DATA SHOWN below:
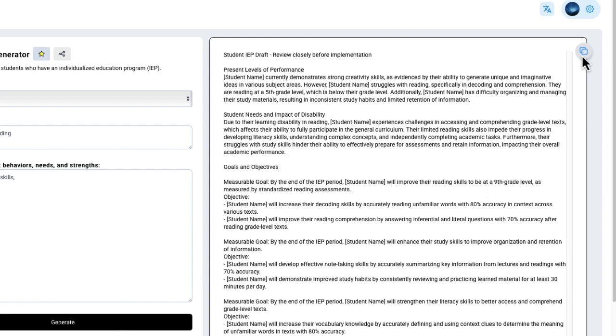So the website is called MagicSchool.ai. You'll be able to generate IEPs in seconds, which hopefully will serve as a rough draft for your final IEP. So thank you so much for watching this video. If you have any questions, leave them in the comment section below.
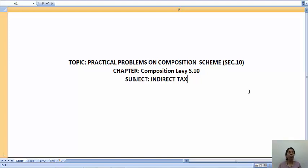Hello students, today we are going to see about the practical problems which are based on the composition scheme and we will see about how the nature of the problem will be there when it is asked for your exam. So let us start with the first problem.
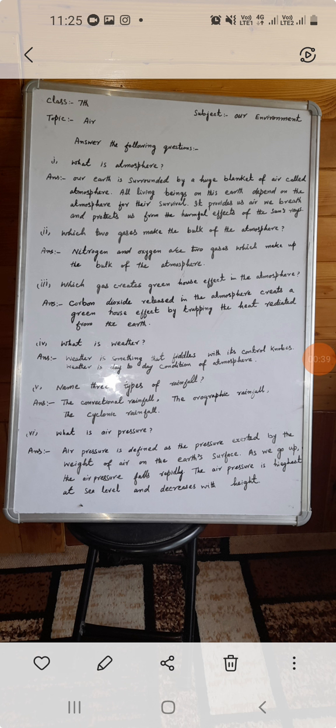Third question: which gas creates the greenhouse effect in the atmosphere? Carbon dioxide released in the atmosphere creates a greenhouse effect by trapping the heat radiated from the earth.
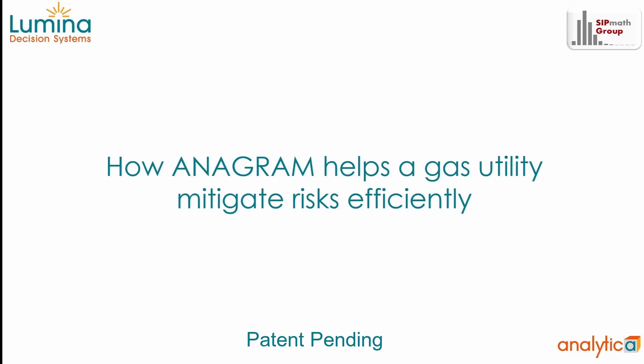I am pleased to introduce you to Anagram, software to help gas utilities reduce risks at minimum cost.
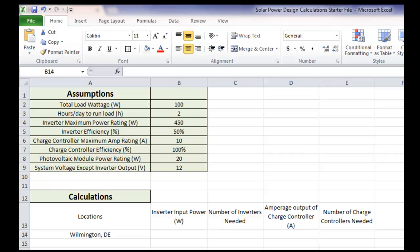Now we're going to take what we've learned with solar power design and apply it to make it easy on ourselves to use Excel to do some calculations. So what we're going to look at is the same problem that we did on the previous video, but now we're going to do it in Excel instead of by the hand calculations that we did last time.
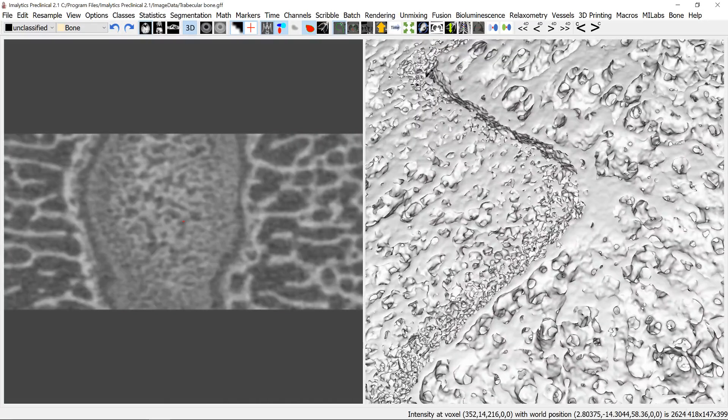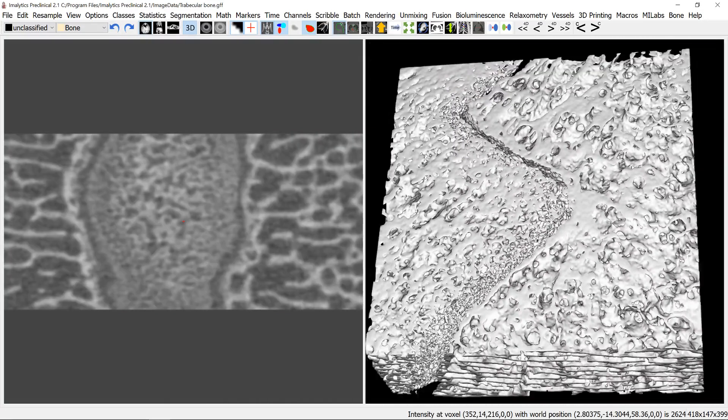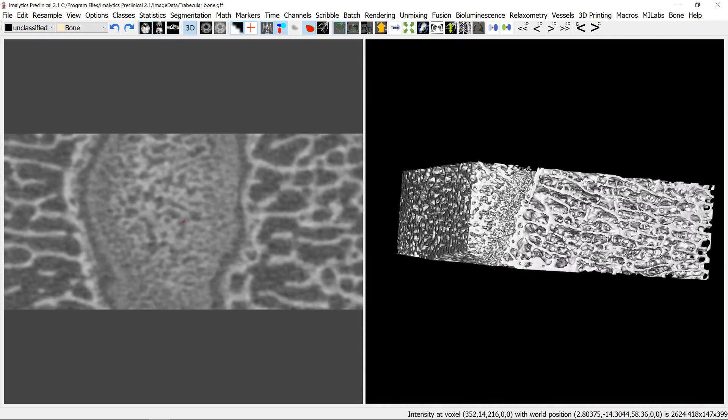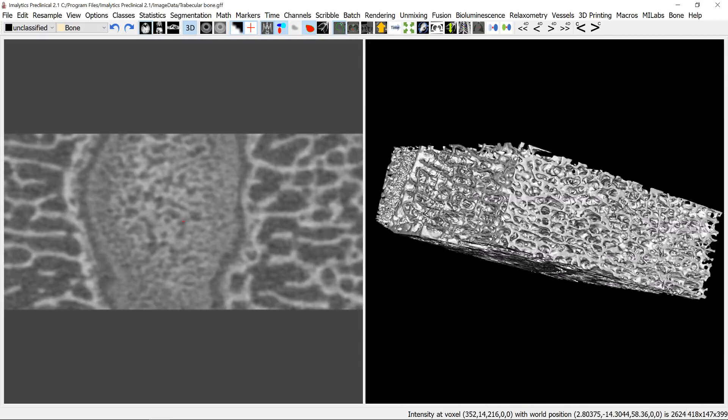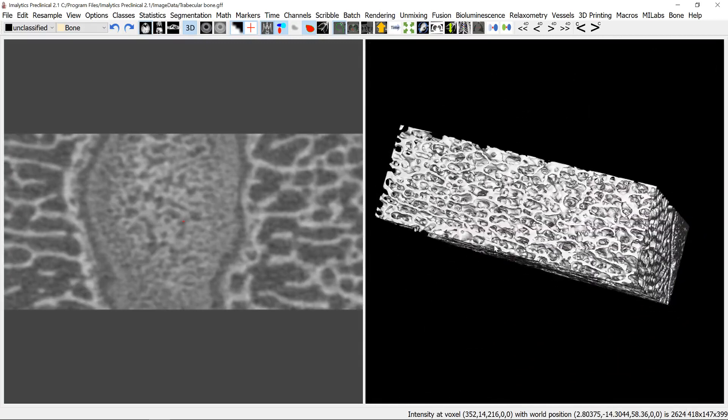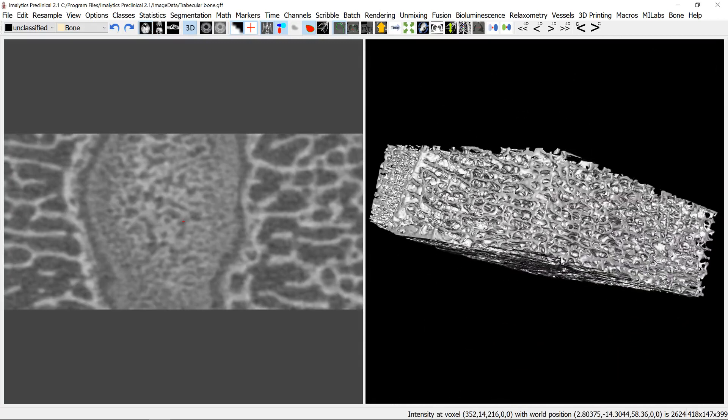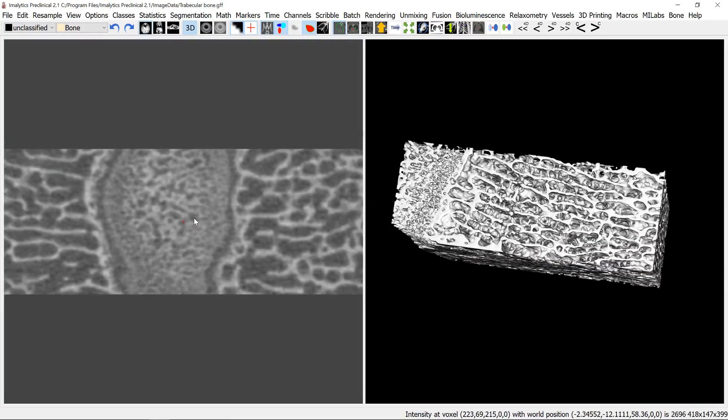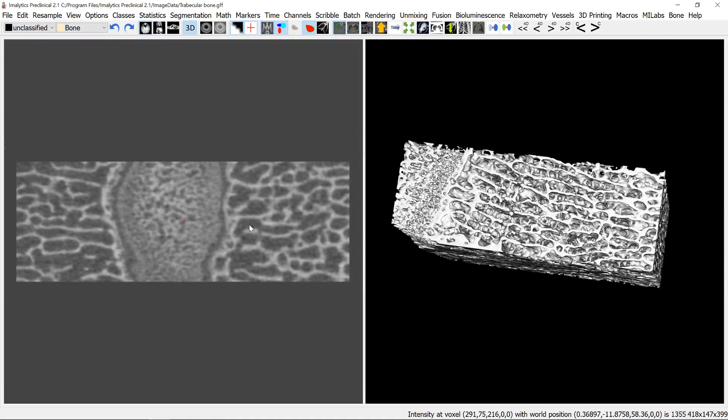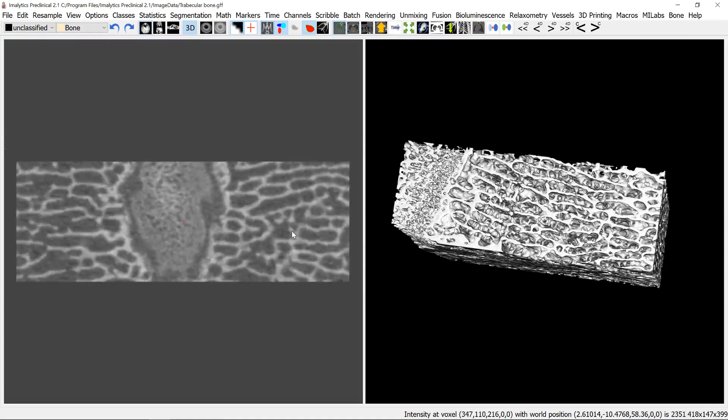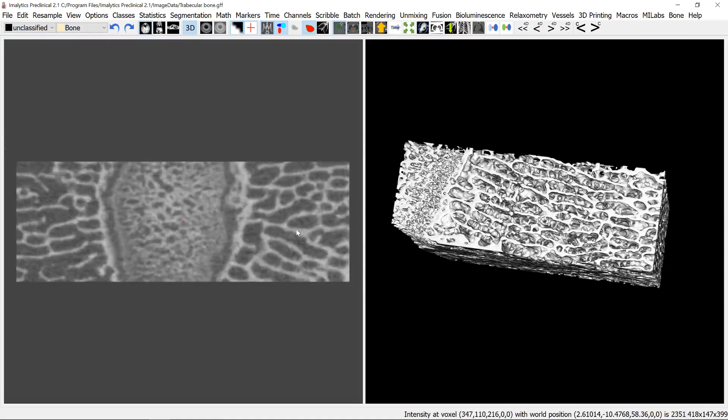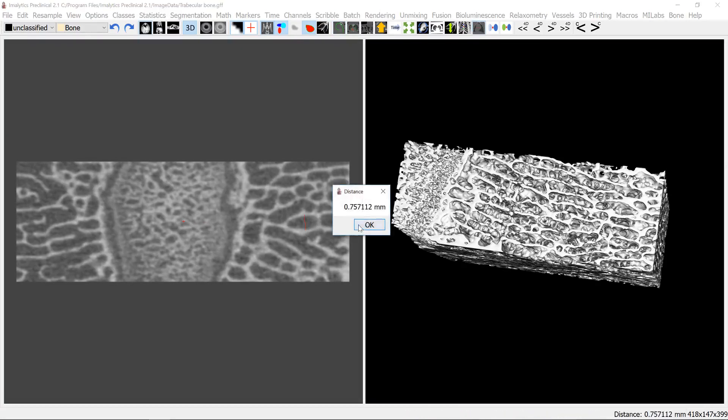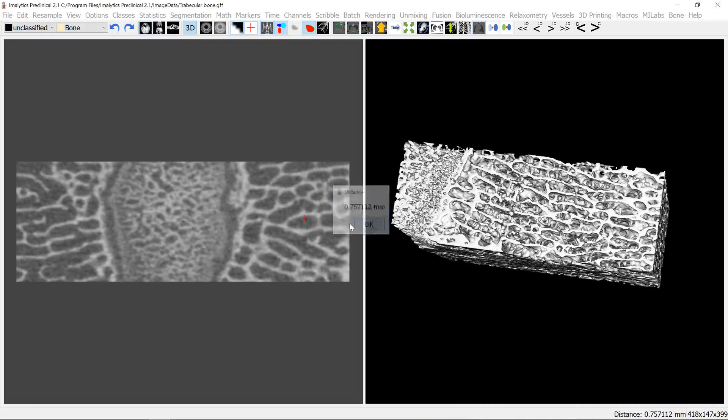So let's look at the bone in 3D here. Looks a bit like a toast so you can see the trabecular structures and what you can see here is that there are different regions. Here at the side we have more, it looks more spongy, we have these big gaps. You can measure the distances between the bone walls, 0.75 millimeters.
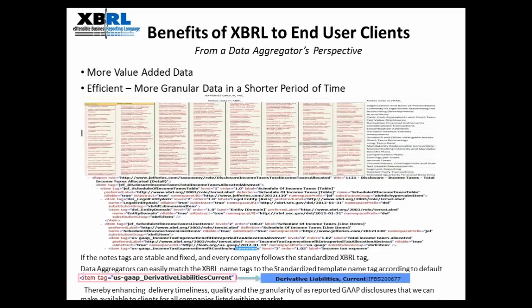Another benefit that XBRL provides to the end user client is that it provides more value-added data. In the early stages of adoption, most regulators require filings to only provide the primary financial statements in XBRL and not the notes section. But over time, more regulators require companies to also provide their notes to financials in XBRL format. This means that we can process the value-added data more efficiently and provide them to the end user. A related benefit is that XBRL is able to provide this more granular data more efficiently, as we can process it in a much shorter period of time.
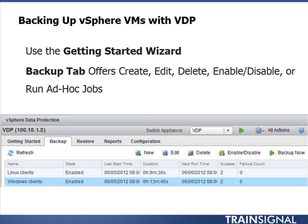The process of backing up virtual machines with vSphere Data Protection is pretty straightforward. VMware has made it easy with a nice getting started wizard that will walk you through the process of creating your first backup job. You'll also have a backup tab where you can create backup jobs, edit, delete, enable or disable backup jobs, or even run ad hoc, meaning non-scheduled backup jobs.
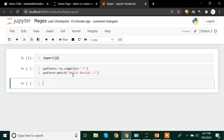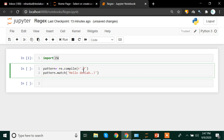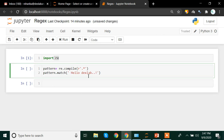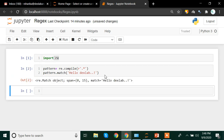Here I have the text 'hello textlab' and I want this text to be extracted as it is. So within the compile method I write a full stop and asterisk, meaning anything alphanumeric or a special character should be extracted. I apply the match method on that pattern with this text. With Shift+Enter, we have matched the entire string, starting from index zero and ending at the 15th count.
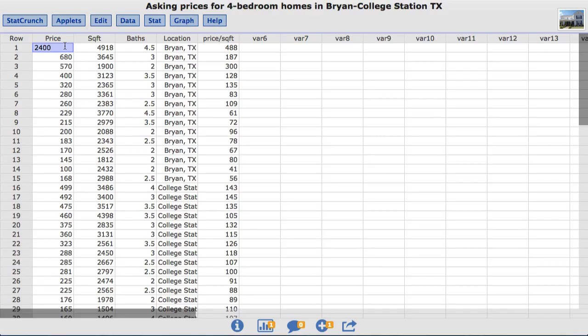In this video, you will learn to conduct hypothesis tests for the difference between two means with raw data using StatCrunch.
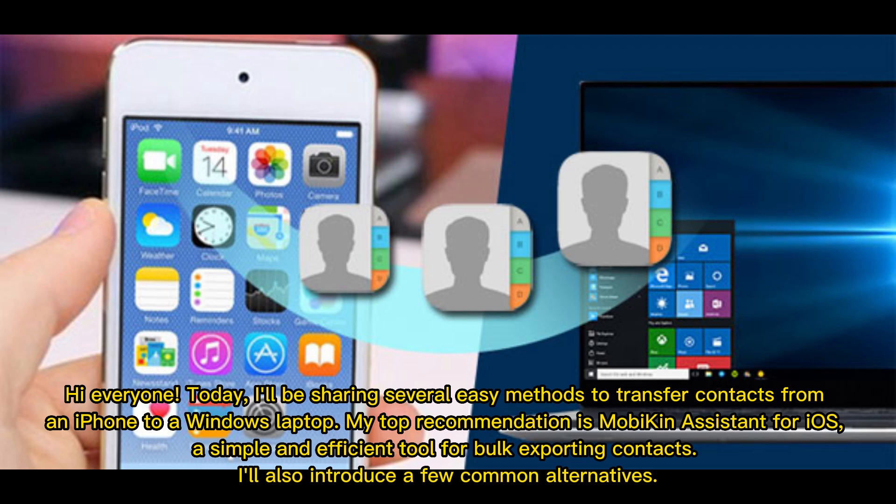Hi everyone! Today, I'll be sharing several easy methods to transfer contacts from an iPhone to a Windows laptop. My top recommendation is Mobikin Assistant for iOS, a simple and efficient tool for bulk exporting contacts. I'll also introduce a few common alternatives.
End of DATA SHOWN.
_EXERCISE AIM_: From the data above, return only the lines starting at the line that holds "Now we're going to take" and ending at the line that holds "So let's look", word for word and without pictures.

_OUTPUT_:
Now we're going to take what we've learned with solar power design and apply it to make it easy on ourselves to use Excel to do some calculations. So what we're going to look at is the same problem that we did on the previous video, but now we're going to do it in Excel instead of by the hand calculations that we did last time.
So let's look at the bone in 3D here. Looks a bit like a toast so you can see the trabecular structures and what you can see here is that there are different regions. Here at the side we have more, it looks more spongy, we have these big gaps. You can measure the distances between the bone walls, 0.75 millimeters.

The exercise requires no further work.